**REQUIRED ACTION**
Nothing but the lines from the one containing "Downtown House |" to the final line of the entries should appear, copied exactly and without pictures.
[PROVIDED DATA Boundary: Start]
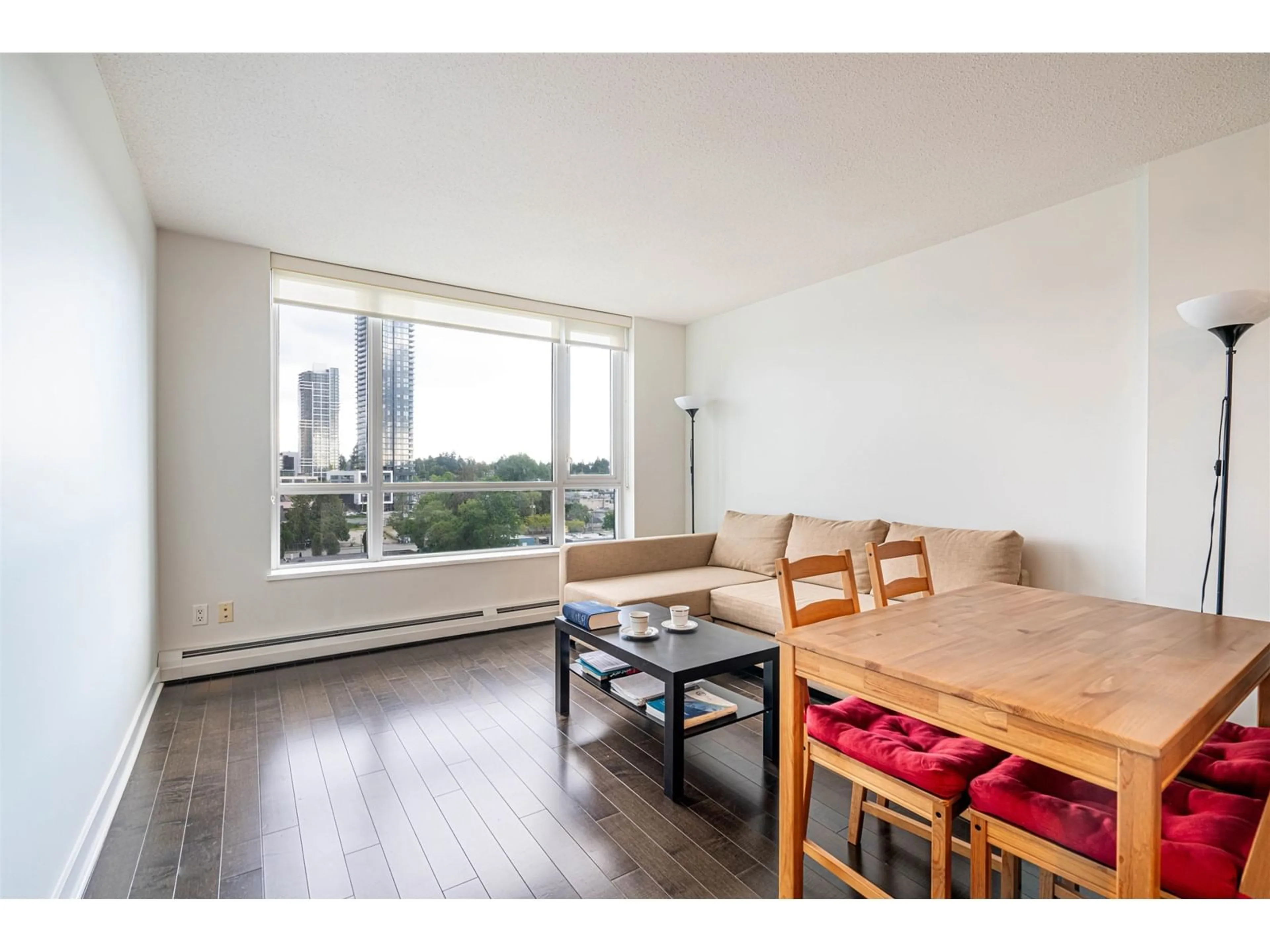 A pic of a room for 1002 - 10777 UNIVERSITY, Surrey British Columbia V3T0E6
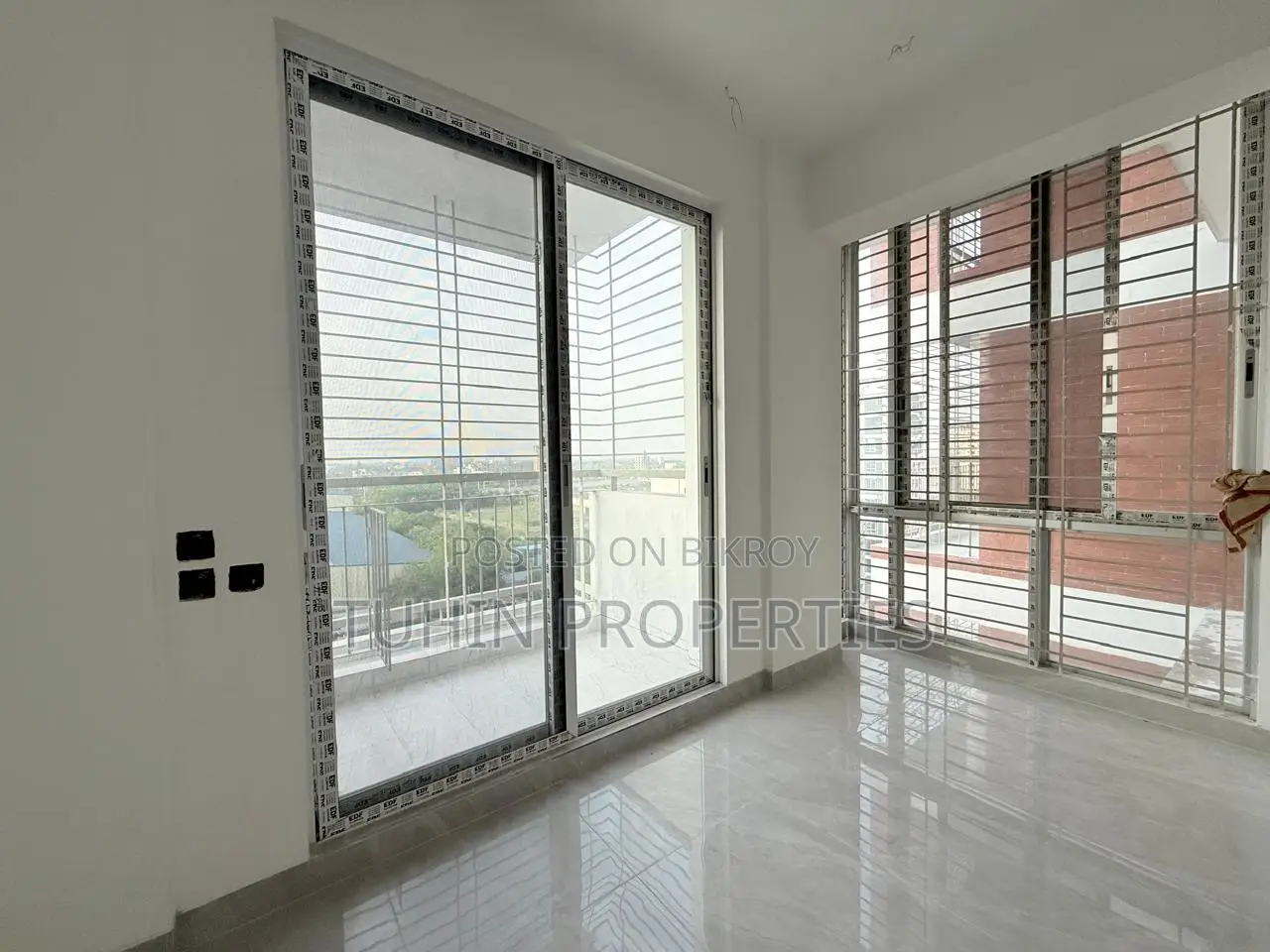 3bdrm Apartment in Basundhara for sale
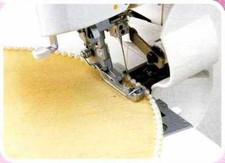 TAGLIA CUCI PIEDINO PER BORDATURE PERLINATE CURVE CUCITO JUKI BERNINA TAGLIACUCE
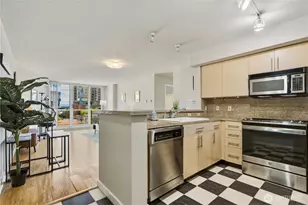 1100 106th Ave NE, Bellevue, WA 98004 - Photo 6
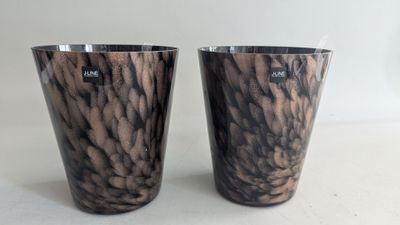 two cups that are sitting next to each other on a table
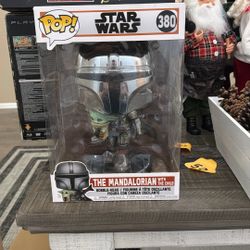 The Mandalorian With Grogu Funko Pop 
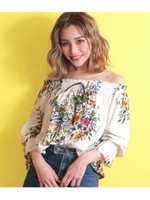 【CHILLE】ブーケ花柄オフショルトップス/ホワイト(001)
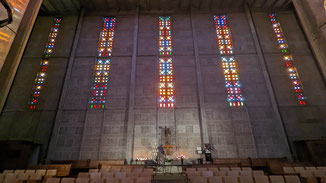 Bunte Mosaikfenster in der Kirche Le Havre.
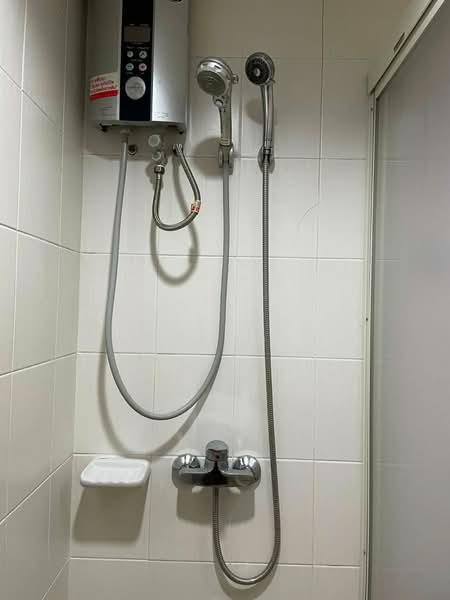 Lumpini Ville Phahol-Suthisarn, Bangkok, 23 Inthamara 2 Alley, Samsen Nai, Phaya Thai, Bangkok, 1 Bedroom, 45 sqm, Condo For Sale, by Vipada Supaporn, 500160669 - DDproperty.com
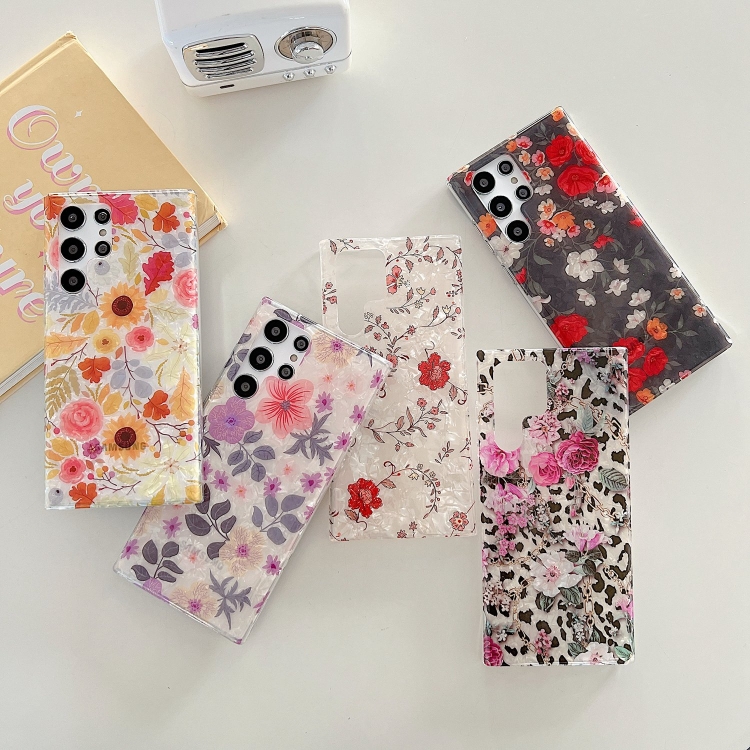 For Samsung Galaxy S22+ 5G Shell Pattern Flower TPU Phone Case(Red Flower) For Samsung Galaxy S22+ 5G Shell Pattern Flower TPU Phone Case(Red Flower)
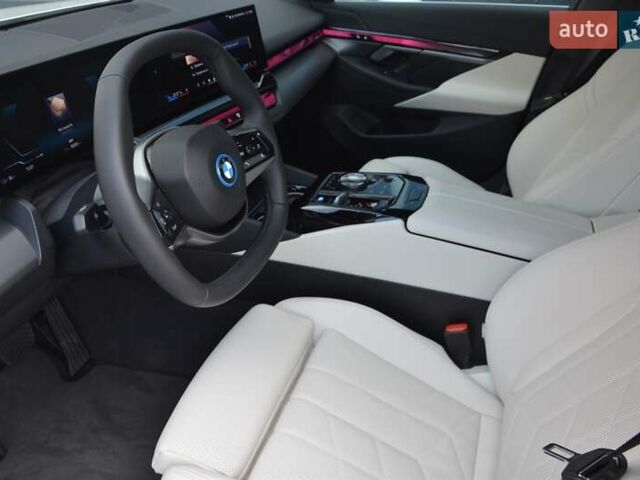 Білий БМВ i5, об'ємом двигуна 0 л та пробігом 6 тис. км за 59000 $, фото 4 на Automoto.ua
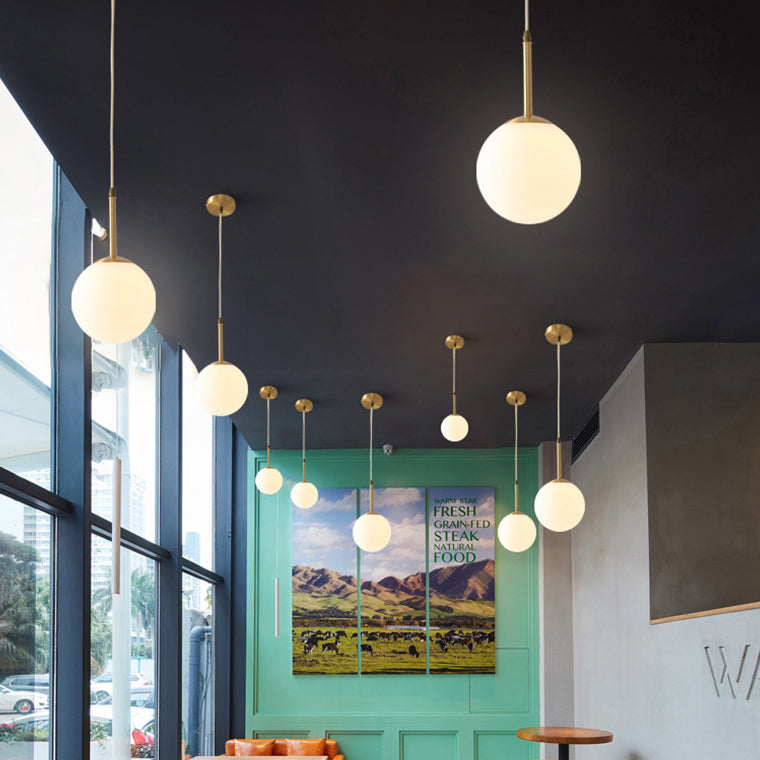 Lustre moderne minimaliste rond en globe tout en cuivre et verre à 1 lumière pour salon 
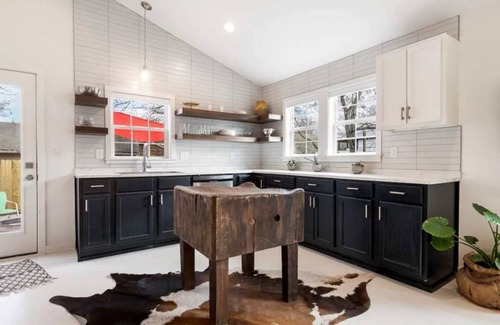 Downtown House | Downtown- The Friendly Inn Cottage
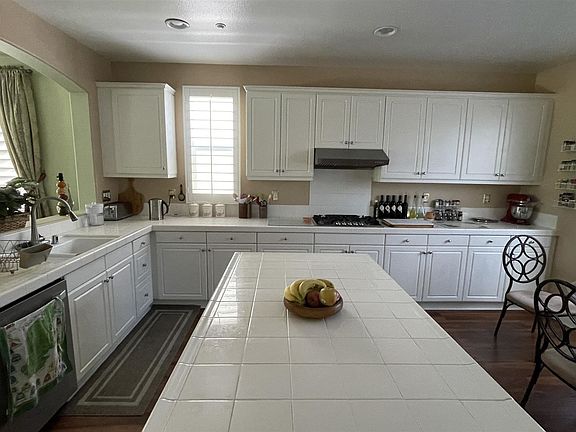 2nd image of 3431 Savanna Way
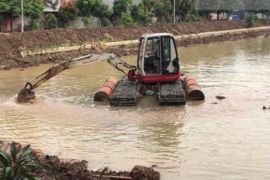 DPUPR Tangerang terjunkan mini "spider backhoe" untuk normalisasi embung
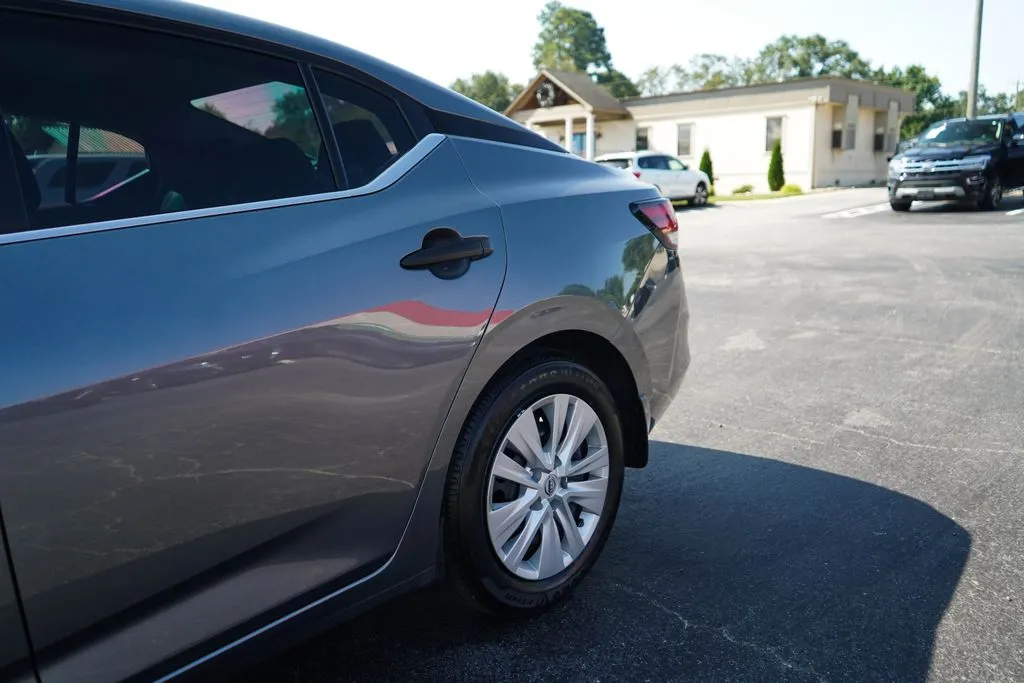 Nissan Sentra photo 21
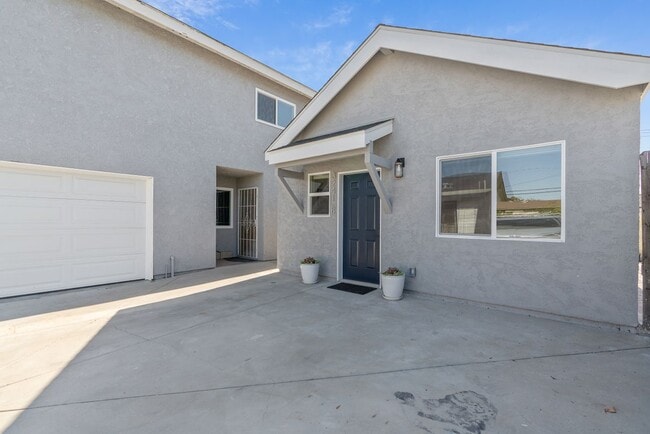 3241 Park Ln in Long Beach, CA - Building Photo - Building Photo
[PROVIDED DATA Boundary: End]
**RESPONSE**
 Downtown House | Downtown- The Friendly Inn Cottage
 2nd image of 3431 Savanna Way
 DPUPR Tangerang terjunkan mini "spider backhoe" untuk normalisasi embung
 Nissan Sentra photo 21
 3241 Park Ln in Long Beach, CA - Building Photo - Building Photo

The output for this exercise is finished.